• [Instructions to follow]: All records below are to be duplicated exactly, with every picture excluded.

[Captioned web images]

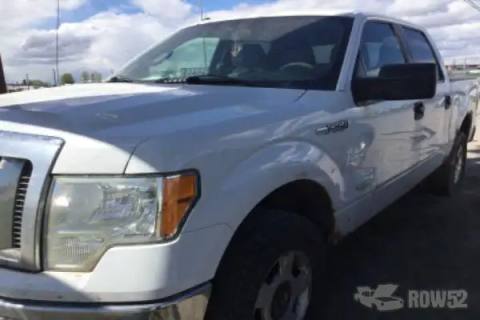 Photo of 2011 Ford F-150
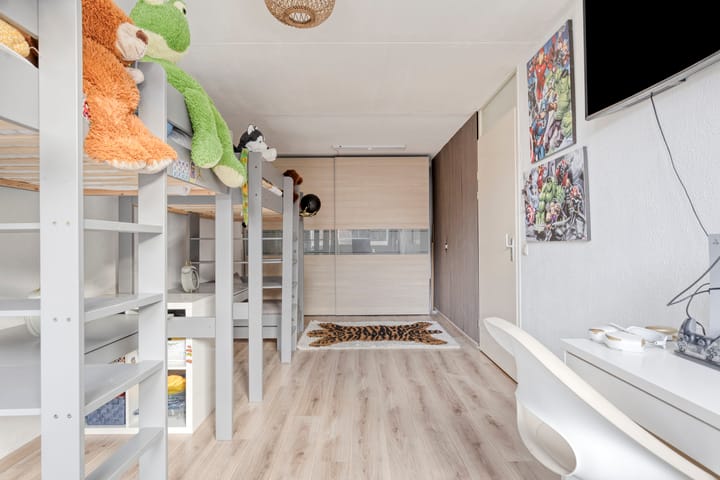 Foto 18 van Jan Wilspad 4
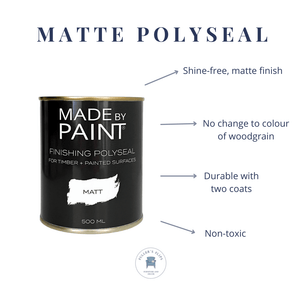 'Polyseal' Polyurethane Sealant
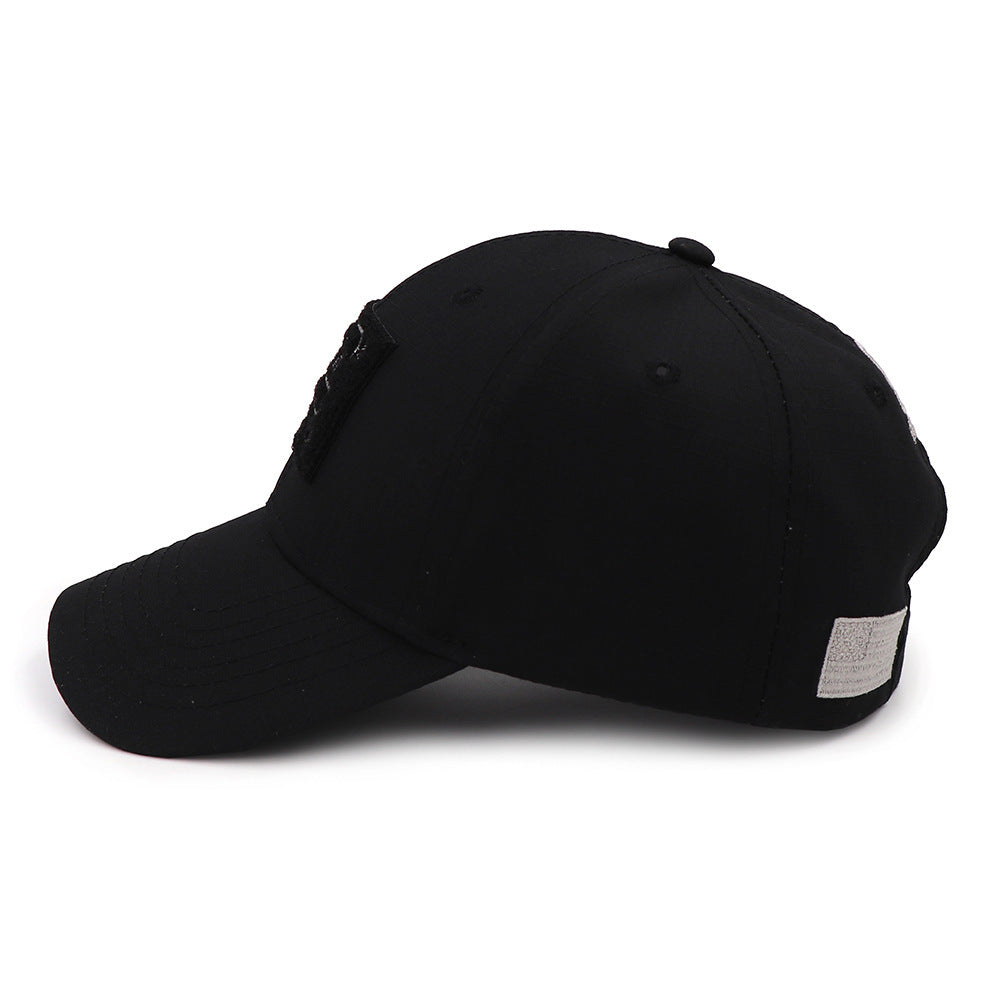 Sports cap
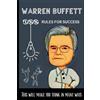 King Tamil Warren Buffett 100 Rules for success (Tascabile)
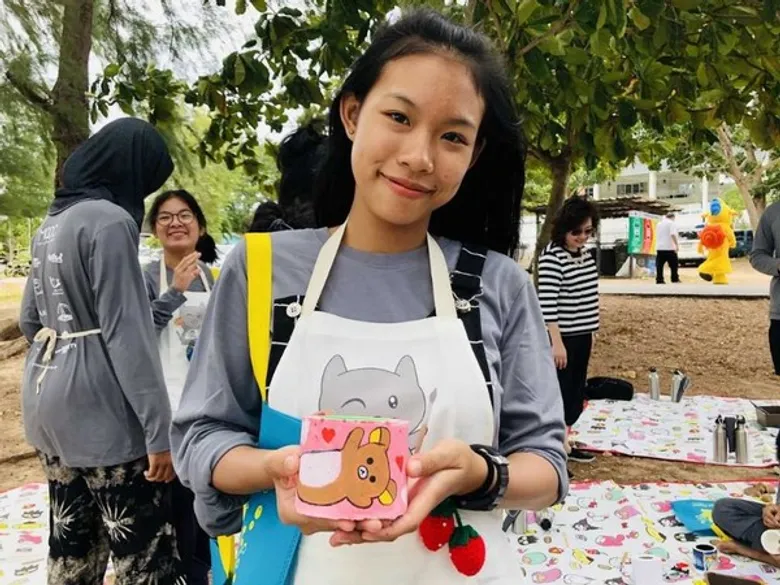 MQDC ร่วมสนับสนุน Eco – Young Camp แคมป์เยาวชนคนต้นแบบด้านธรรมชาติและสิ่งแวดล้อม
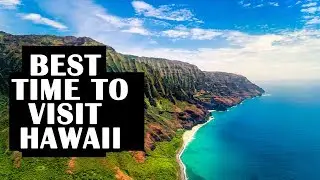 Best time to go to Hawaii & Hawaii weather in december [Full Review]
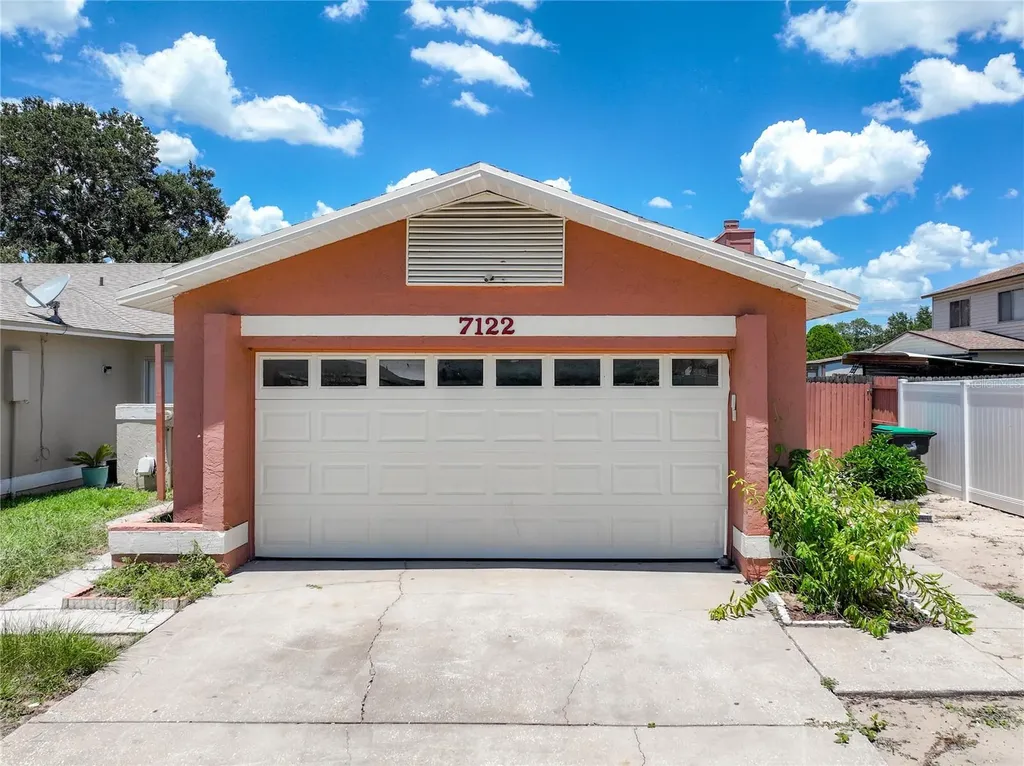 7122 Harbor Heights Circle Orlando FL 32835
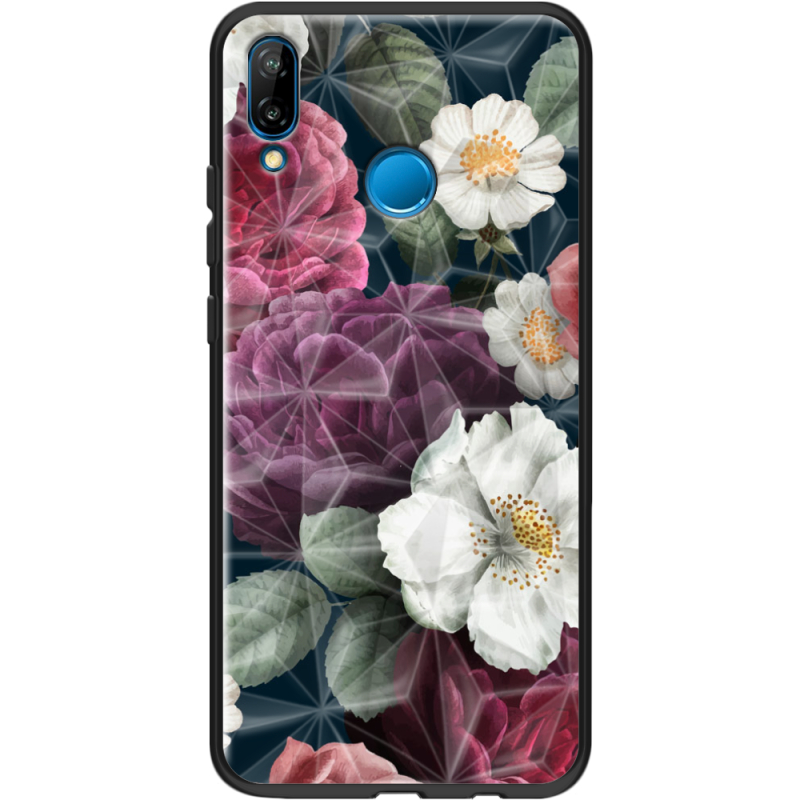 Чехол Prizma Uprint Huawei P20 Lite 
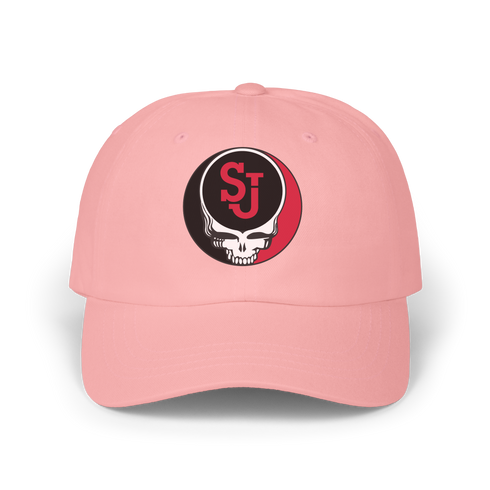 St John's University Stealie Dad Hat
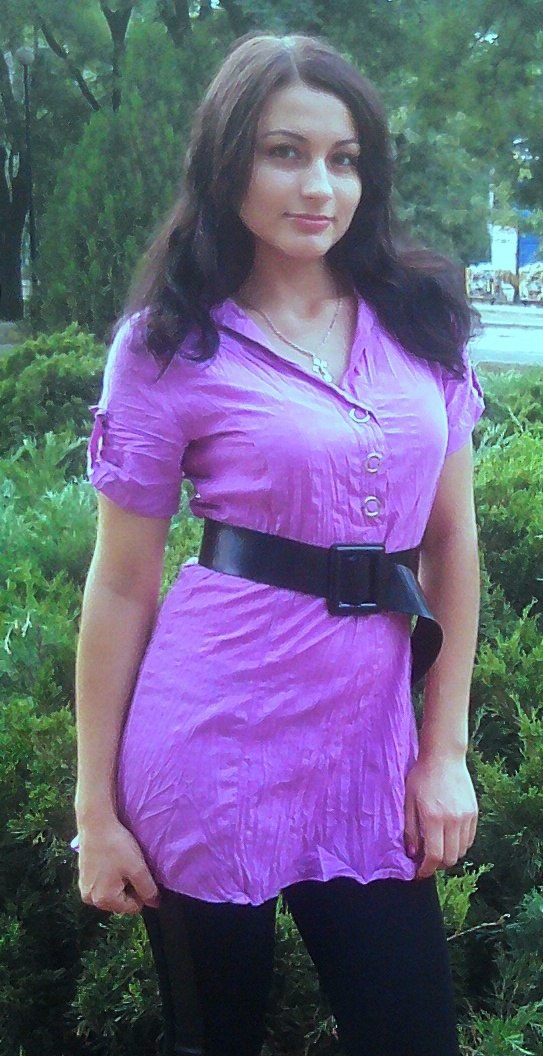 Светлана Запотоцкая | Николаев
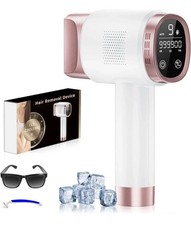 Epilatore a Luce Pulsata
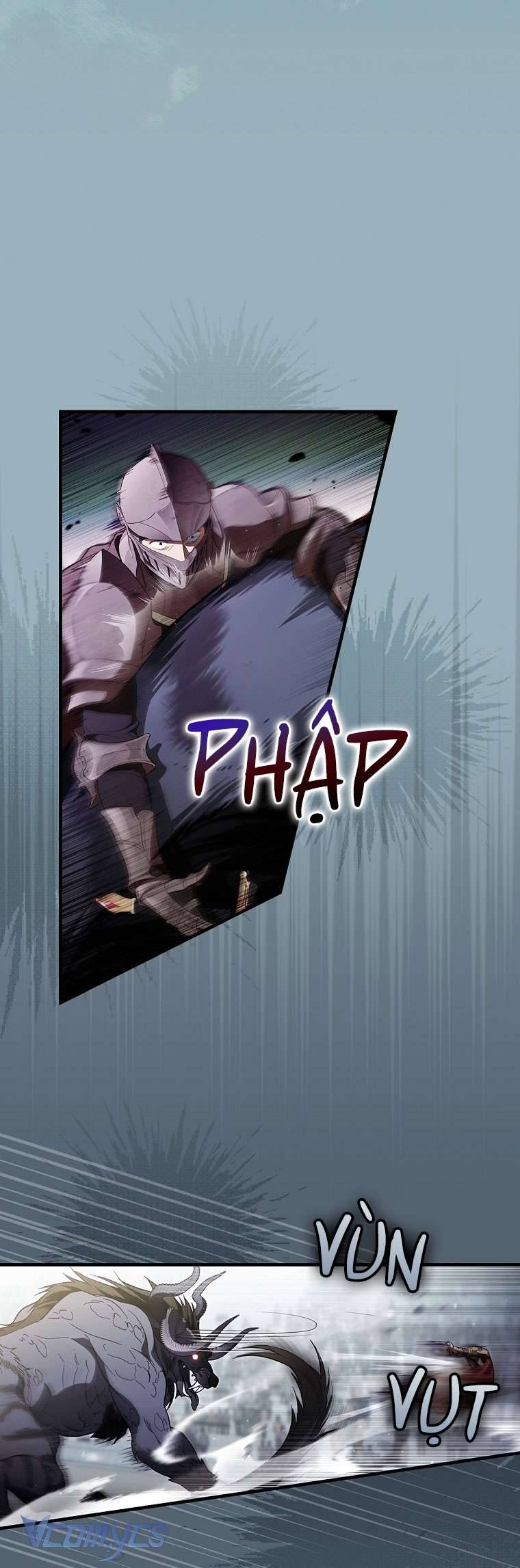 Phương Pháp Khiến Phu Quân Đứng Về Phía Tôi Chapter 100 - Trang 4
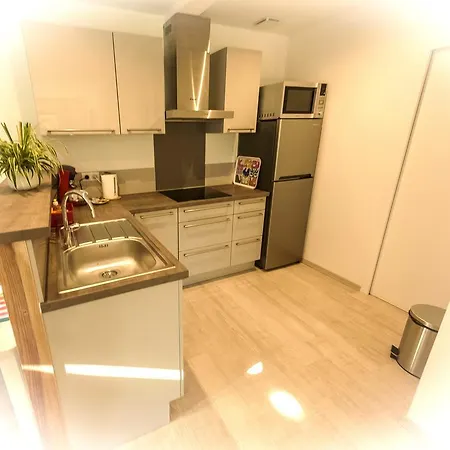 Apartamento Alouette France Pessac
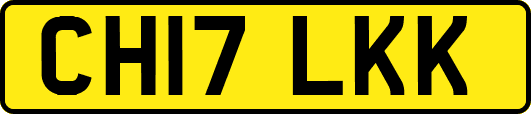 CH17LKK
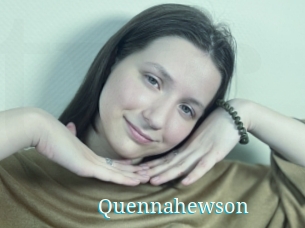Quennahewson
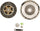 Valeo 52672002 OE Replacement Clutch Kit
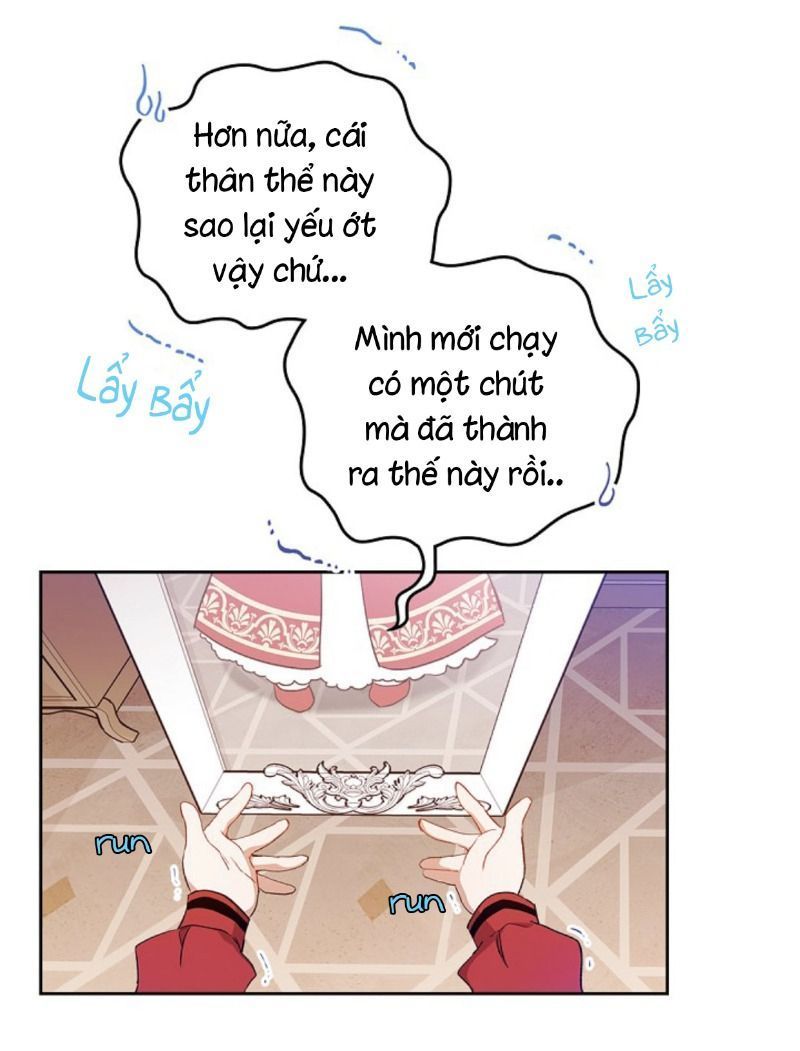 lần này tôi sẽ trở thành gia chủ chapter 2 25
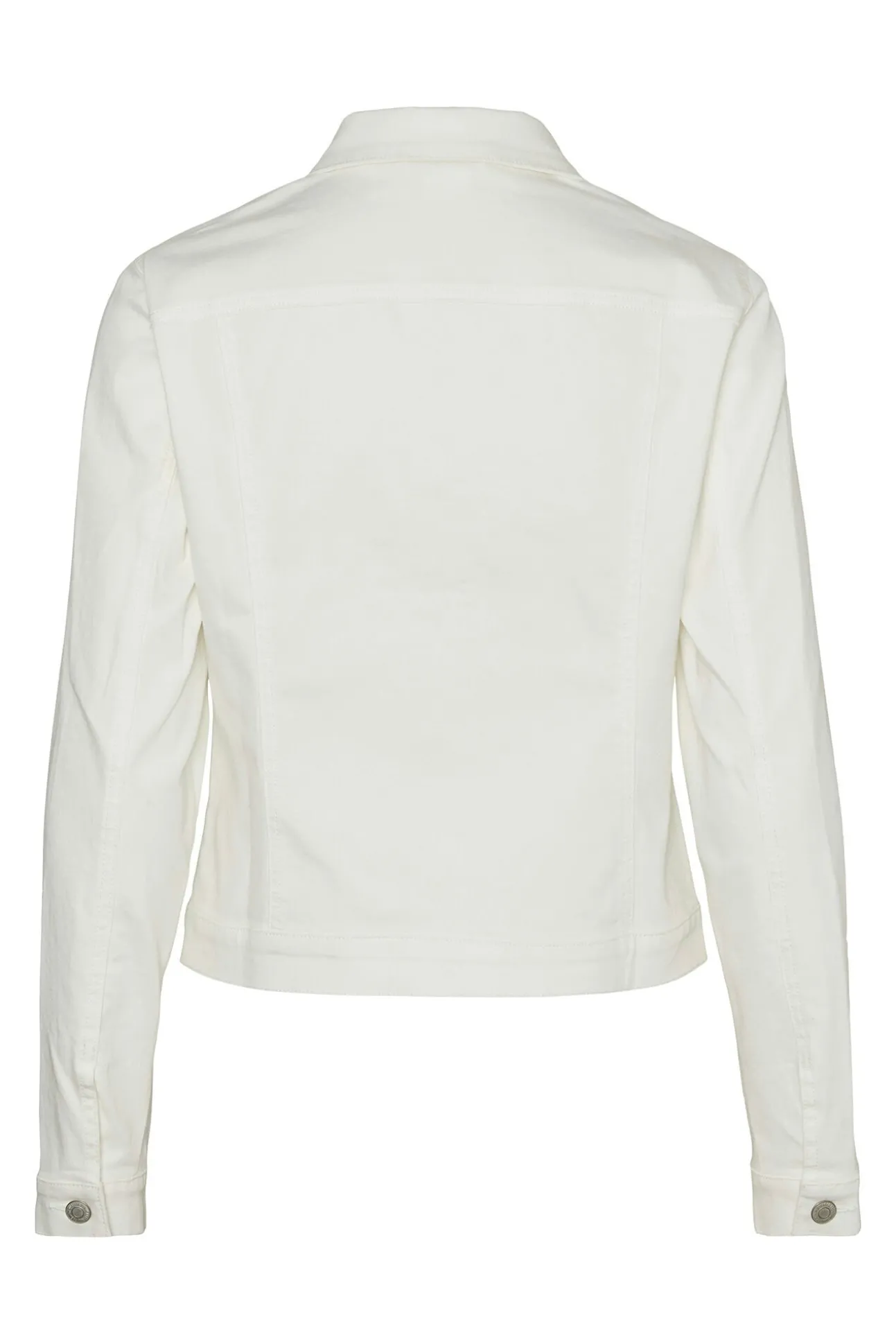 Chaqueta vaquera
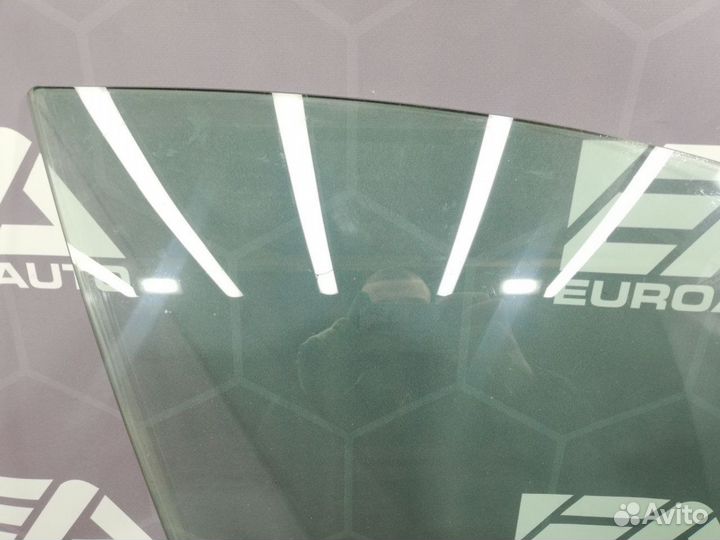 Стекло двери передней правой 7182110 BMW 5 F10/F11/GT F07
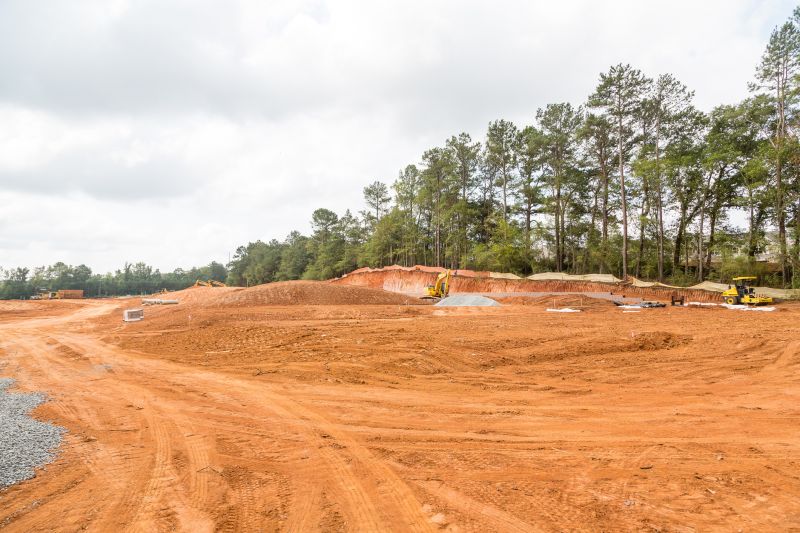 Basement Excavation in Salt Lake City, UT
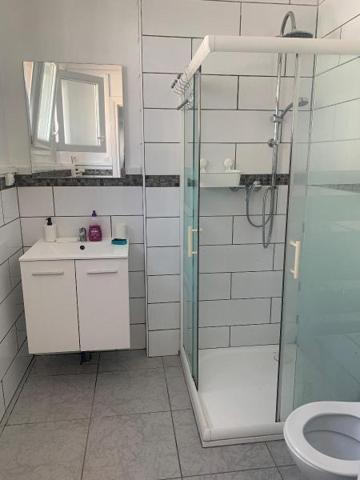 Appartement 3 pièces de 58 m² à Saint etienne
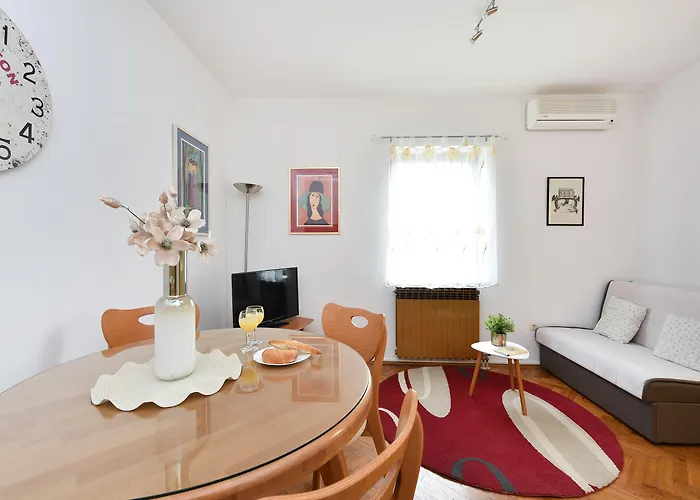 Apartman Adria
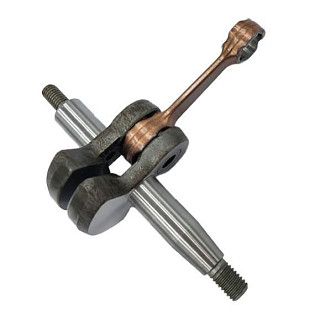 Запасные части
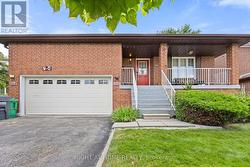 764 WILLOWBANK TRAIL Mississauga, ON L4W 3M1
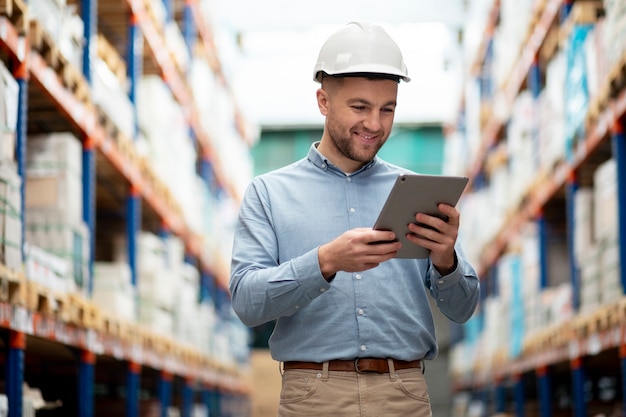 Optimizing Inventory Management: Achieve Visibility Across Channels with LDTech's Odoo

• [Task result]:
 Photo of 2011 Ford F-150
 Foto 18 van Jan Wilspad 4
 'Polyseal' Polyurethane Sealant
 Sports cap
 King Tamil Warren Buffett 100 Rules for success (Tascabile)
 MQDC ร่วมสนับสนุน Eco – Young Camp แคมป์เยาวชนคนต้นแบบด้านธรรมชาติและสิ่งแวดล้อม
 Best time to go to Hawaii & Hawaii weather in december [Full Review]
 7122 Harbor Heights Circle Orlando FL 32835
 Чехол Prizma Uprint Huawei P20 Lite 
 St John's University Stealie Dad Hat
 Светлана Запотоцкая | Николаев
 Epilatore a Luce Pulsata
 Phương Pháp Khiến Phu Quân Đứng Về Phía Tôi Chapter 100 - Trang 4
 Apartamento Alouette France Pessac
 CH17LKK
Quennahewson
 Valeo 52672002 OE Replacement Clutch Kit
 lần này tôi sẽ trở thành gia chủ chapter 2 25
 Chaqueta vaquera
 Стекло двери передней правой 7182110 BMW 5 F10/F11/GT F07
 Basement Excavation in Salt Lake City, UT
 Appartement 3 pièces de 58 m² à Saint etienne
 Apartman Adria
 Запасные части
 764 WILLOWBANK TRAIL Mississauga, ON L4W 3M1
 Optimizing Inventory Management: Achieve Visibility Across Channels with LDTech's Odoo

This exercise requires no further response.